The variables are a tibble
and we can select them using
the dplyr::filter()
function.
var_state_2 <- var_state |>
dplyr::filter(year == '2016')
Once the variables we need have been filtered, we can filter the geographic information layer so that it will only contain these variables.
gl_state_2 <- gl_state |>
set_variables(var_state_2)
layer_state_2 <- gl_state_2 |>
get_layer()
plot(sf::st_geometry(layer_state_2))
text(
sf::st_coordinates(sf::st_centroid(sf::st_geometry(layer_state_2))),
labels = layer_state_2$state,
pos = 3,
cex = 0.5
)
Data representation
For example, for each state we are going to represent the percentage of pneumonia and influenza deaths registered, starting in 2010. First of all, we must define the query.
sq_2 <- star_query(mrs_db_geo) |>
select_dimension(name = "where",
attributes = "state") |>
select_fact(name = "mrs_cause",
measures = c("pneumonia_and_influenza_deaths", "all_deaths")) |>
filter_dimension(name = "when", year >= "2010")
We run the query and get a star_database
object as a
result.
mrs_db_geo_3 <- mrs_db_geo |>
run_query(sq_2)
We obtain a geolayer
object.
gl_state_3 <- mrs_db_geo_3 |>
as_geolayer(attribute = "state")
Finally, we represent it.
gl_state_3 |>
get_variable_description()
#> var_1
#> "measure = all_deaths"
#> var_2
#> "measure = pneumonia_and_influenza_deaths"
layer <- gl_state_3 |>
get_layer()
layer$tpc_deaths <- (layer$var_2 / layer$var_1) * 100
plot(layer[, "tpc_deaths"], main = "% pneumonia and influenza")

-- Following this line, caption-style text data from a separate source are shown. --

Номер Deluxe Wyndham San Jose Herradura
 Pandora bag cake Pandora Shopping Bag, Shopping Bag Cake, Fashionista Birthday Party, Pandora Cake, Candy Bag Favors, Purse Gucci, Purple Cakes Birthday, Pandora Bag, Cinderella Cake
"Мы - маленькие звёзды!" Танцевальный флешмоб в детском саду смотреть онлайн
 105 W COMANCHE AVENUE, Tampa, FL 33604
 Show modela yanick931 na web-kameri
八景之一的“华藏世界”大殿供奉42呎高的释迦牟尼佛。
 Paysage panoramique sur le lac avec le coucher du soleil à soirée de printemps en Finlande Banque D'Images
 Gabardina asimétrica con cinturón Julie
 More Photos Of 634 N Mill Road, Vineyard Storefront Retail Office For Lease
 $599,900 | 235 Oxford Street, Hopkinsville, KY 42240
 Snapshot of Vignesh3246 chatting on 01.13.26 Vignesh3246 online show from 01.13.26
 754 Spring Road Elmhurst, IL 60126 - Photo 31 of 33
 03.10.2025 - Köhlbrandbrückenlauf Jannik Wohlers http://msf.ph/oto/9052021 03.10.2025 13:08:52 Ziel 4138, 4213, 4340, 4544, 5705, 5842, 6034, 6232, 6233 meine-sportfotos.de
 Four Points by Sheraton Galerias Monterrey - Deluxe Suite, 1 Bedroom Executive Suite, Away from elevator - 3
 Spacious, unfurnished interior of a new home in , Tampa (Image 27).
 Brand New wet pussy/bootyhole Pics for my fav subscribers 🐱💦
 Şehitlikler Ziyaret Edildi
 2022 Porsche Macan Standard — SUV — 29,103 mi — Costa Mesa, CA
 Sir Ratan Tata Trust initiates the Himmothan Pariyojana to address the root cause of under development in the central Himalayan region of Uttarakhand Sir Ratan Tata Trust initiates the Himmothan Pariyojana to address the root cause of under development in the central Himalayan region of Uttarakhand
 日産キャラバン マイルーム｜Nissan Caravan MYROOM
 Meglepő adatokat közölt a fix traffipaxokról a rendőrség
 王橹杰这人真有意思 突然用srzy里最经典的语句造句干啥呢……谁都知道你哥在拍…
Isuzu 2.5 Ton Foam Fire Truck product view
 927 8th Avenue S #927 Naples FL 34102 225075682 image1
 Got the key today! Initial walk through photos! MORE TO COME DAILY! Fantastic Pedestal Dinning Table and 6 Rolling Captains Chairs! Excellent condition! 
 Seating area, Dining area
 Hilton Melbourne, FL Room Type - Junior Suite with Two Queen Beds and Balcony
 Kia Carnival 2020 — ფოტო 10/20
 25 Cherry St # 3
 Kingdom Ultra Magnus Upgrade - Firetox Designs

To maintain the definition of the new variable in the
geolayer
object, we can define that this is the new
geographic information layer of it.
gl_state_3 <- gl_state_3 |>
set_layer(layer)
If we want to treat the geographic information layer with another tool, we can export it along with the variable definition table in GeoPackage format.
f <- gl_state_3 |>
as_GeoPackage(dir = tempdir())
sf::st_layers(f)
#> Driver: GPKG
#> Available layers:
#> layer_name geometry_type features fields crs_name
#> 1 geolayer 39 4 WGS 84
#> 2 variables NA 2 2 <NA>
Conclusions
This document presents some of the querying possibilities that offers
the rolap
package. The queries are formulated on an object
of class star_database
and the result is another object of
the same class on which additional queries can be made.
Queries can be formulated about a star or set of stars or constellation.
We can define attributes that have associated geographic information. If any of these geographic attributes are included in the result of a query, we obtain a geographic information layer in which the result of the query is defined in the form of variables that can be filtered and queried.